友忠は元服後、武士を目指して、能登の国の大名、畠山義宗に仕える。
一人前の武士になったら、沙枝を迎えに行くつもりであったが、三年後、彼女が重い病気との知らせが入る。
急いで故郷に向かい、将来を誓った場所に咲く青柳の枝を折って、彼女の家を訪れる。
沙枝は瀕死の状態で、友忠に、もう一度生まれ変わると誓い、亡くなる。
友忠は彼女の言葉を信じ、彼女の生まれ変わりを待とうと考えるが、殿や家の都合で、妻を娶ることとなる。
子供も生まれ、沙枝の記憶は薄れていくが、妻子を相次いで亡くし、天涯孤独な身となる。

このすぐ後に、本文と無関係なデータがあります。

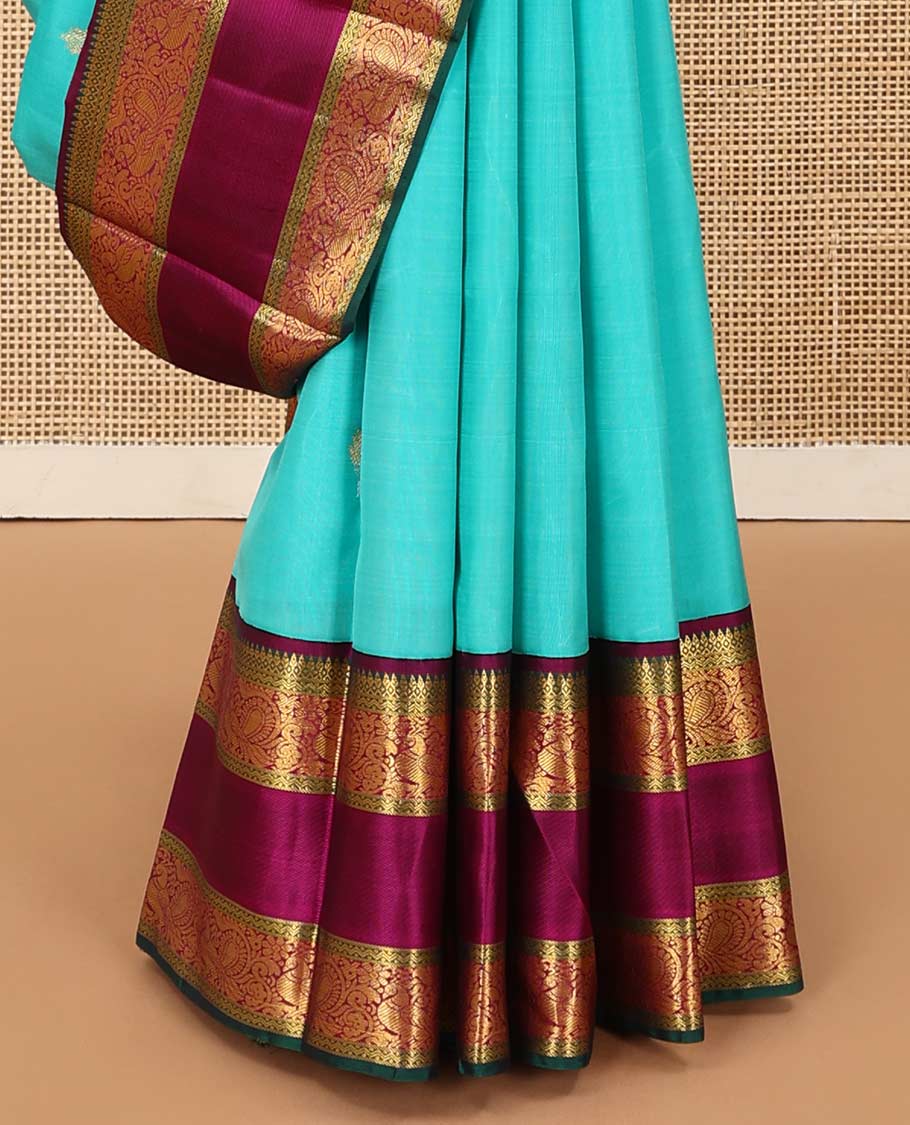 Blue meena buttas Kanchipuram silk saree, contrast korvai border of thilakam mokku, rettai neli, and mayil designs, and geometric patterned pallu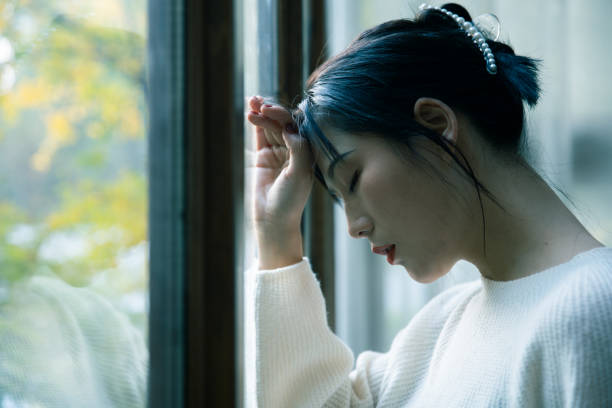 窓のそばに疲れた女性 - うつ病 女性 日本人 ストックフォトと画像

ある年の冬、友忠は、殿の内密の用向きで、京都の細川政之のもとへ使いにやらされる。
途中、山中で吹雪にあい、彼は偶然見つけた家で休ませてくれるよう頼む。
老夫婦は快く彼を家に入れ、もてなしてくれるが、夫婦の娘、青柳は沙枝にそっくりであった。
しかも、二人きりになった時、彼女は、自分は沙枝の生まれ変わりであることを明かし、前世について話す。

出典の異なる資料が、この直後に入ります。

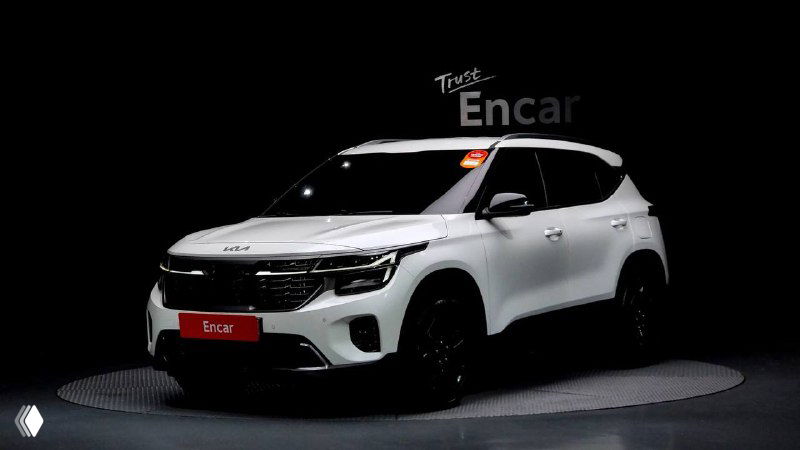 KIA Seltos 2022 светлого цвета на фоне затемнённой студии — общий вид автомобиля под другим углом, подчёркивающий форму и внешний дизайн.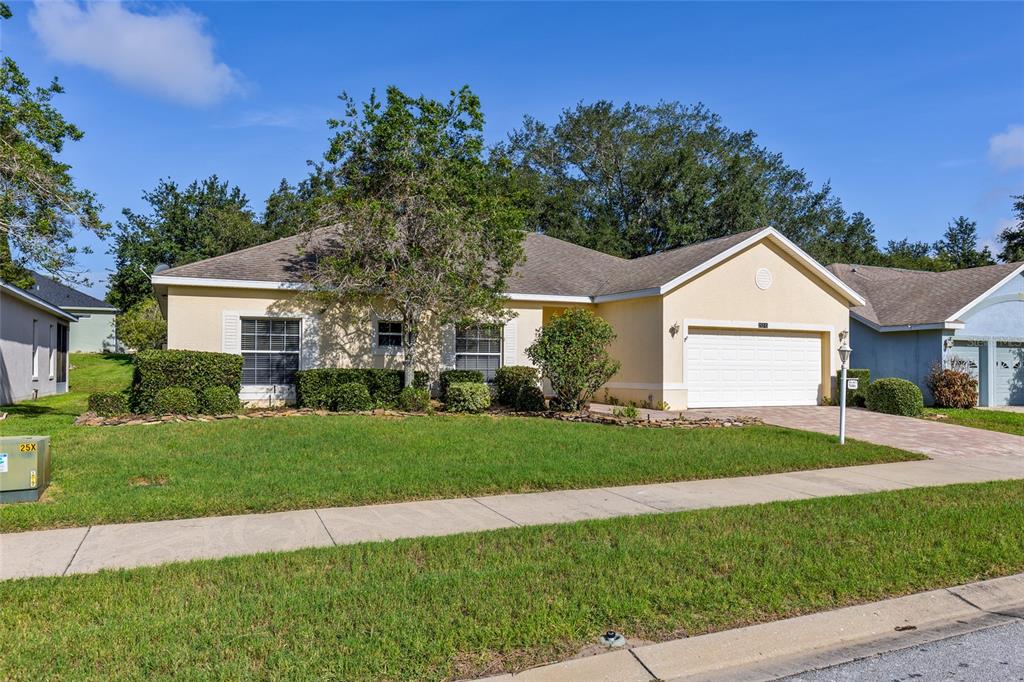 A single-story suburban house with a tan exterior, a two-car garage, and a front lawn — 25245 QUAIL CROFT PLACE, LEESBURG, FL
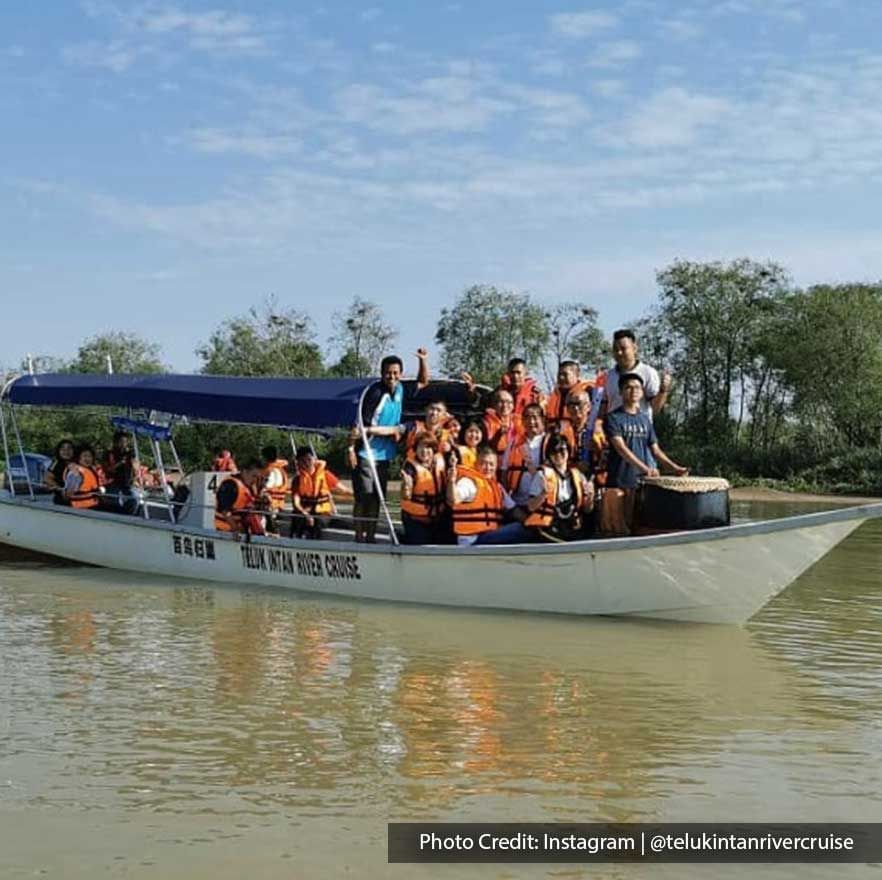 A group of people engaging in the river cruise activity at Teluk Intan - Lexis Suites Penang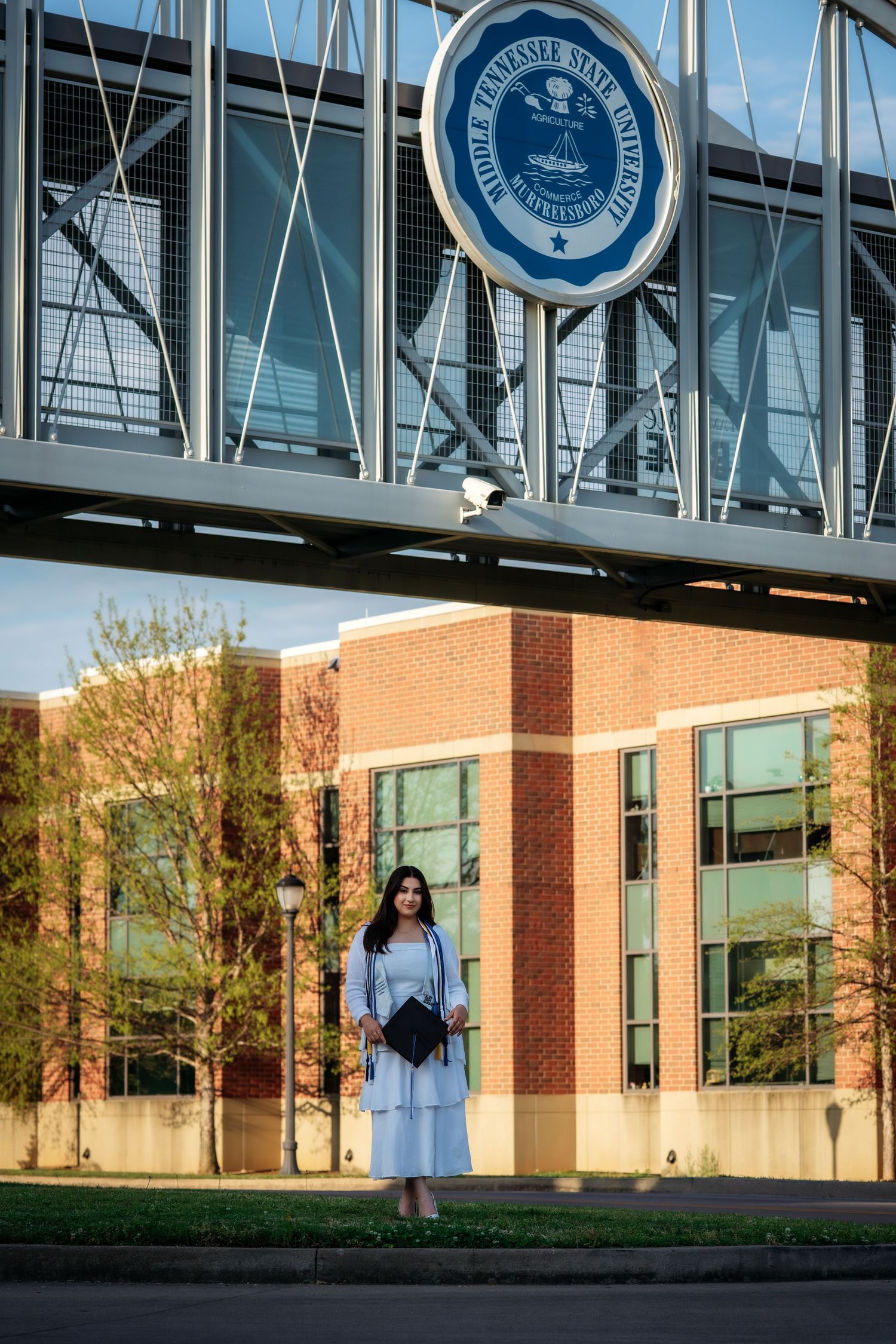 Graduate in white dress holding cap stands under Middle Tennessee State University seal bridge on campus.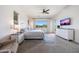 Bright bedroom with large windows, a king-size bed, and neutral décor, offering a peaceful retreat at 7432 W Bronco Trl, Peoria, AZ 85383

友忠は、青柳が沙枝の転生であることを確信し、彼女を妻にして、京都へ向かう。
京都では城中の官舎を与えられ、そこに彼女を隠して、暮らしていたが、ある日、殿の政之の目に触れてしまう。
これによって、殿の許しなくして結婚していたことがばれ、沙枝は御殿女中に、友忠は謹慎の身となる。
このままでは離れ離れになると、友忠は意を決して二人で逃げようと、沙枝に手紙を届けようとするのだが…。
運命に翻弄される、二人の恋の行方は…?」
ロマンチック、かつ、幻想的な内容で、良作だと思います。
当時の小島剛夕先生の影響がかなり大きいのではないでしょうか?
特に、ヒロインは、目元がいつもの「三白眼」でなく、涼しげで、とっても可憐です。
個人的には、このキャラでいってほしかったなあ〜。
巻末には、「美兎プロゼミー」という漫画教室の案内(第二期生募集)が載っております。
これはどれほど、続いたのでありましょうか?
生徒の能沢貴子さんの「お酒が水になった話」という短編が掲載されております。
・備考
ビニールカバー剥がし痕あり。カバー貼り付け。後ろの見開きに貸本店の紙貼り付け。